Sunday, August 01, 2004

"The electorate has to be protected from making the wrong decisions."

According to the Sunday Telegraph today, the German government is under "growing pressure" to hold a referendum on the EU constitution. This comes after 34 of the country's "most eminent legal scholars" declared that federal law could easily be changed to allow a vote.

Led by Hans Herbert von Arnim from the university of Speyer, they have declared that: "A small addition to the text of the [German] constitution could enable the German people to vote in a referendum."
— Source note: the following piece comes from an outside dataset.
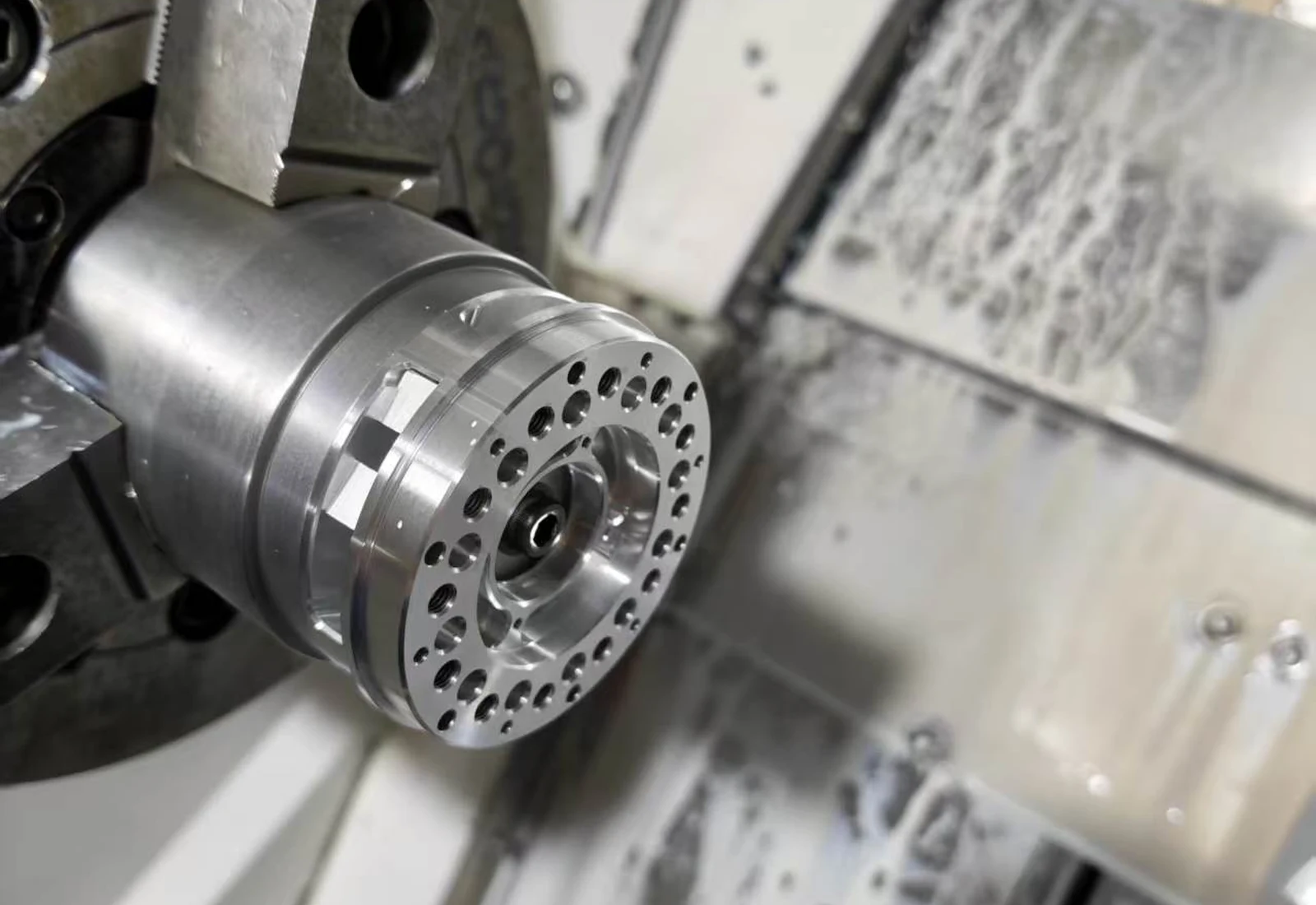 7075-T6 robot gearbox planet carrier held in soft jaws on a CNC lathe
Apparently, opinion polls show that 70 percent of Germans want a vote on the treaty. Schröder has so far insisted that Germany cannot do so because the country's constitution expressly forbids extra-parliamentary plebiscites, to make it harder for an extremist party to seize power.

Lining up against Schröder are Roman Herzog, Germany's former conservative president, and Stoiber, who declared last week: "If the French, the British and the Spanish are to hold a referendum on this issue, the Germans cannot be barred from the process."

Other advocates include Guido Westerwelle, the leader of the country's liberal Free Democrat party, Wolfgang Thierse, Germany's Social Democrat parliamentary president, leading Green party MPs and at least five of Germany's 16 regional branches of Schröder's own governing party.

Stoiber's Bavarian conservatives and the liberal Free Democrats have already drawn up proposals which would allow the constitution to be altered by a two-thirds majority in the country's upper and lower houses of parliament to enable a one-off referendum on the EU constitution next year.

However, Wolfgang Schauble, the former Christian Democrat party leader, warned: "There is a danger that a referendum on the EU constitution would lead to a vote that has nothing to do with the EU at all."

Schauble may be right, given the current unpopularity of Schröder’s government, but the cause cannot be helped by what surely must be seen as the arrogance of Michael Muller, deputy head of the Social Democrats' parliamentary party.

Rejecting the idea of a referendum, he has loftily declared, "Sometimes the electorate has to be protected from making the wrong decisions." Doncha love it!